Easiest way to get file ID from URL on Google Apps Script
Asked Answered
K

14

54

Here is what I'm trying to do: given a Google document URL, I want to get the document ID to create a copy on Google Drive. I know I can achieve that by some regex or replacing on the URL, but as there are several different forms to represent the same document in a URL, I wanted to find a generic solution.
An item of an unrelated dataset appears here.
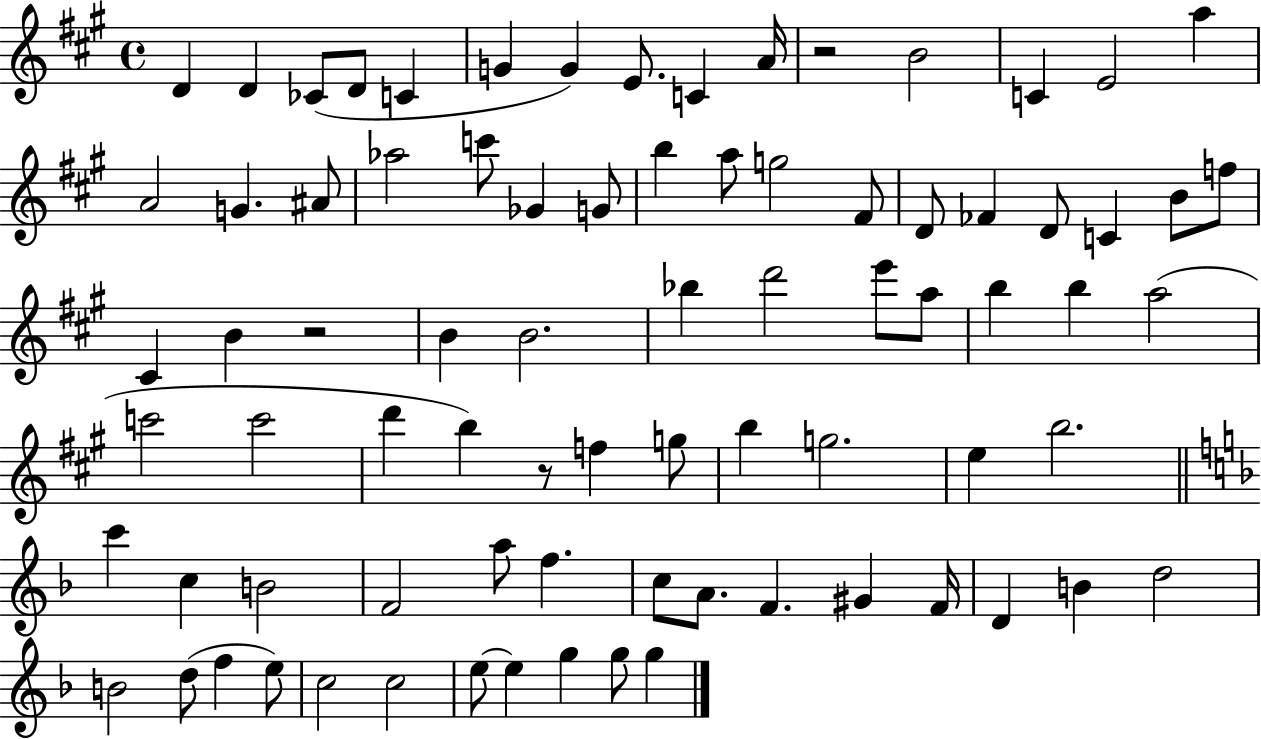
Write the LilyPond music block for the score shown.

Currently, that's the best I could think:

function getFileIdFromUrl(url) {
  try {
    return getDocIdFromUrl(url);
  } catch (e) {
    return getSpreadsheetIdFromUrl(url);
  }
}

function getDocIdFromUrl(url) {
  var doc = null;
  try {
    doc = DocumentApp.openByUrl(url);
  } catch (e) {
    doc = DocumentApp.openByUrl(url + "/edit");
  }
  return doc.getId();
}

function getSpreadsheetIdFromUrl(url) {
  var spreadsheet = null;
  try {
    spreadsheet = SpreadsheetApp.openByUrl(url);
  } catch (e) {
    spreadsheet = SpreadsheetApp.openByUrl(url + "/edit");
  }
  return spreadsheet.getId();
}

function copy(url) { // may throw an exception if the URL is invalid or private
   var id = getFileIdFromUrl(url);
   var file = DriveApp.getFileById(id);
   file.makeCopy().setSharing(DriveApp.Access.ANYONE_WITH_LINK, DriveApp.Permission.VIEW);
}

The problem is that my solution only covers documents and spreadsheets, I would like to do the same with any uploaded file, for example:

https://docs.google.com/file/d/0B-FYu_D7D7x4REdtRVEzVH0eU0/edit

In short, I wanted something like that:

DriveApp.getFileByUrl(url).makeCopy();

Does anyone know if it's possible?

Any safe solution to extract the file ID from the file URL would fit as well for me.

Thanks

Klepht answered 30/5, 2013 at 15:23 Comment(0)
S
140

DriveApp is indeed missing a getFileByUrl (and also folder for that matter). You may want to open an enhancement request on Apps Script issue tracker.

But what I do on my scripts (since these openByUrl functions are somewhat new), is to get the id using a regex. Like this.

function getIdFromUrl(url) { return url.match(/[-\w]{25,}/); }

This regex works for any google url I've tried: Drive url for folders and files, Fusion Tables, Spreadsheets, Docs, Presentations, etc. It just looks for anything in a string that "looks like" a Google key. That is, any big enough string that has only (google key) valid characters in it.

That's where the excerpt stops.